Once you have your own copy in your theme, just edit it and paste the following somewhere in the <head> tag:

<meta name="viewport" content="width=device-width, initial-scale=1">

Moving on to Base Themes

Although this basic technique works fine, and many people consider this standard practice, there are smarter and fancier ways to go about it with the help of some more advanced base themes.

But first, let’s talk about the “why” of base themes. Why is it useful to start from someone else’s code when every site has a completely different design? Why not just start your themes from scratch? You can, and you wouldn’t be alone in doing so, but you’d be missing out on a lot of useful stuff that base themes provide. They can bring you things like Sass integration, a responsive grid system, some solid default styles for common Drupal elements, and more. Heck, Omega 3.x is even more or less a GUI layout builder.

Sure, you could do all of this yourself in a 100% custom theme, but if you go that route then you have to think about the giant wheel you’re wasting your time reinventing.

Why wouldn’t you just edit and customize the base theme directly? Why add the extra layer? There are a few reasons:

§ You get a clean slate to code on rather than hacking at a preexisting codebase.

§ You don’t have to fully comprehend any of the base theme’s code in order to use it productively, whereas editing it directly requires a deeper level of understanding.

§ You can easily apply updates to the base theme without losing your customizations.

§ You can have multiple custom themes (whether it’s for a multisite setup with a few similar looking sites or a site with different themes for different sections) and have them share the bulk of the heavy lifting in a base theme.

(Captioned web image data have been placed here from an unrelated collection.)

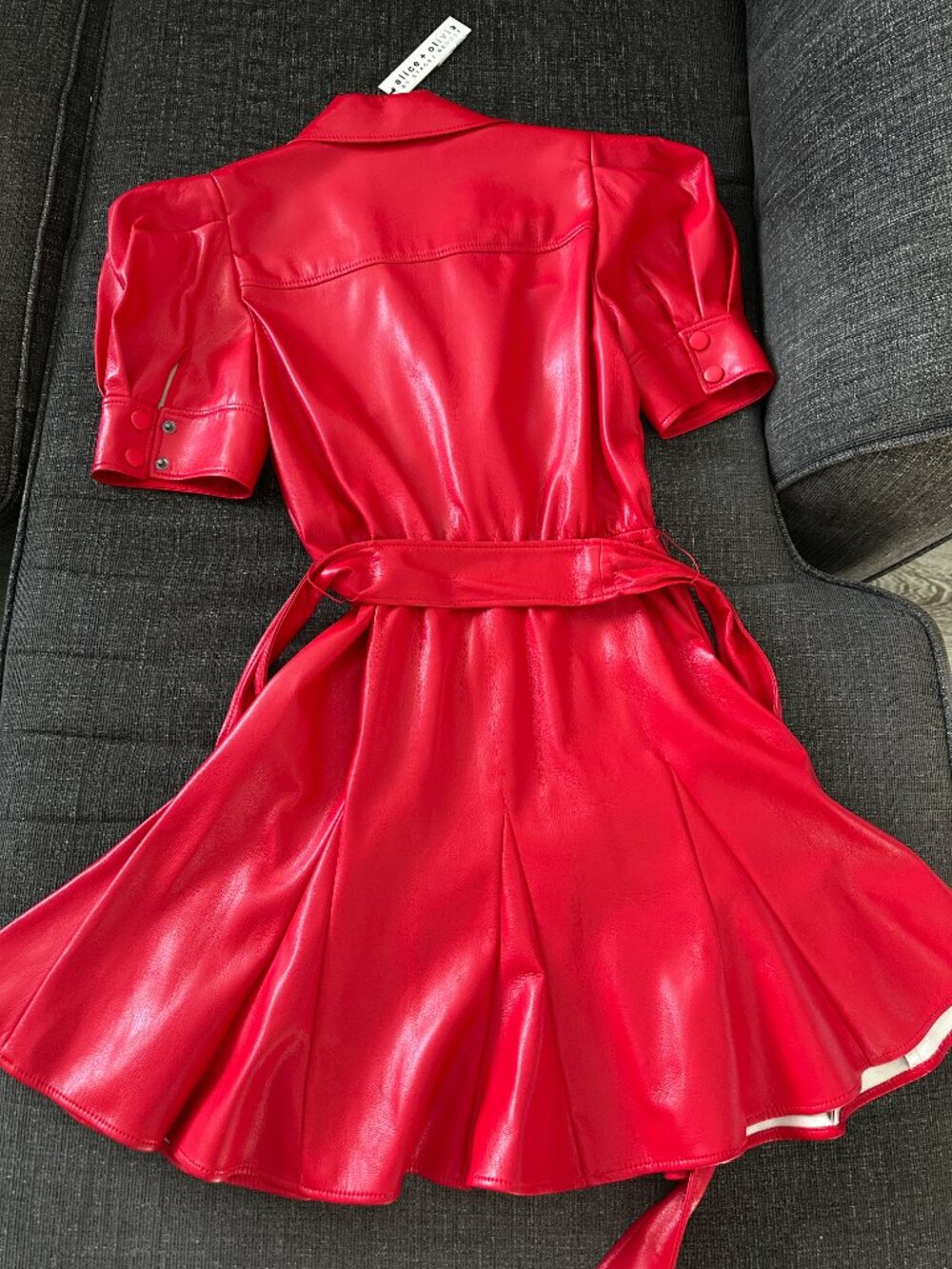 Alice + Olivia Short Sleeve Faux Leather Red Dress - Picture 9 of 10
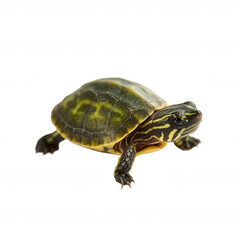 Obraz premium A turtle with a patterned shell and distinctive markings, showcasing its unique colors and features.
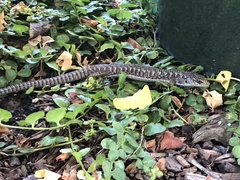 Elgaria coerulea coerulea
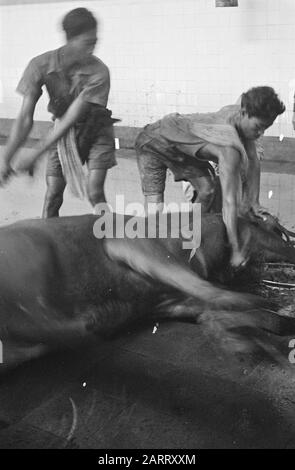 Lebensmittel-Goodsangs [Lagerhallen] des Generalquartiermeisters Für Die Schlachtung eines Rindes Datum: März 1947 Ort: Batavia, Indonesien, Jakarta, Niederländische Ostindien: Unbekannt/DLC Stockfoto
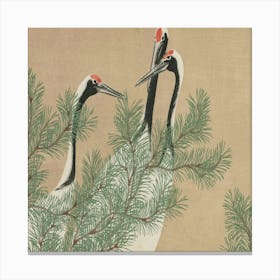 Three Cranes In A Pine Tree Canvas Print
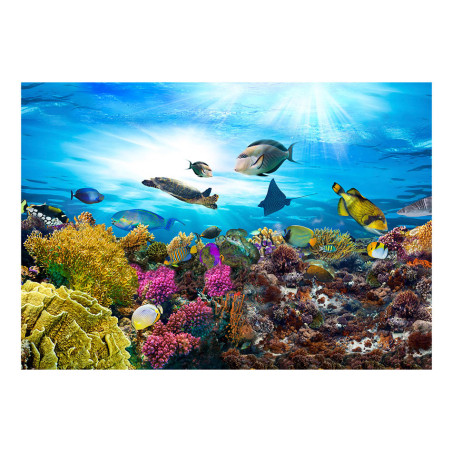 Fototapet Coral Reef-01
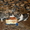 Продаются щенки Западносибирской лайки - Изображение #3, Объявление #462753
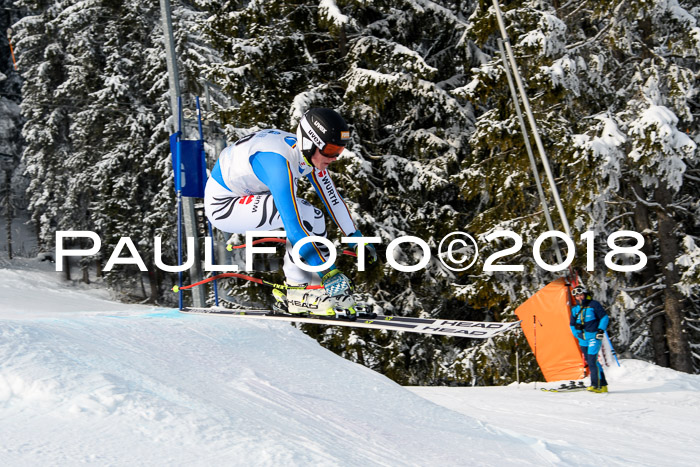 Int. FIS Rennen + NJC Herren, SG, Götschen, 26.02.2018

So how do they work? The basic concept of a base theme is one of inheritance. Typically there is a generalized contributed theme used as a framework (or “parent,” to continue the inheritance analogy) in addition to a fully custom-built subtheme that overrides, customizes, and makes additions as needed (i.e., the “child” theme or more commonly, the subtheme). A subtheme will inherit 100% of its base theme’s code despite not having any of that code within itself, which leaves the themer with a solid starting point and a lot of useful features.

Using a Base Theme

But how does the code look?! It’s quite simple. Each theme (whether it’s a base theme or a custom subtheme) has a .info file that holds metadata about it (name, description, screenshot filename, etc.) and one of the things that you can tell Drupal from within the file is whether or not your custom theme has a base theme, and if so, what it is. A subtheme that inherits from a base theme might sport a .info file that looks like this:

name = Yourtheme

description = Super-duper awesome thematic action.

version = 1.0

core = 7.x

engine = phptemplate

base theme = zen

stylesheets[all][] = style.css

stylesheets[print][] = print.css

See the magic line there? You’re right, it’s the one that starts with base theme. That alone is all you need to tell Drupal that your custom theme inherits from the “Zen” base theme. If you created a subtheme named “yourtheme” with only one file named yourtheme.info, and listed Zen as the base theme in that file, then effectively using “yourtheme” as your site’s theme would be exactly the same as just using Zen, because it inherits all of Zen despite the fact that it has no code of its own.

Therefore, all you need to include in your subtheme are customizations, things you’re overriding, and additions.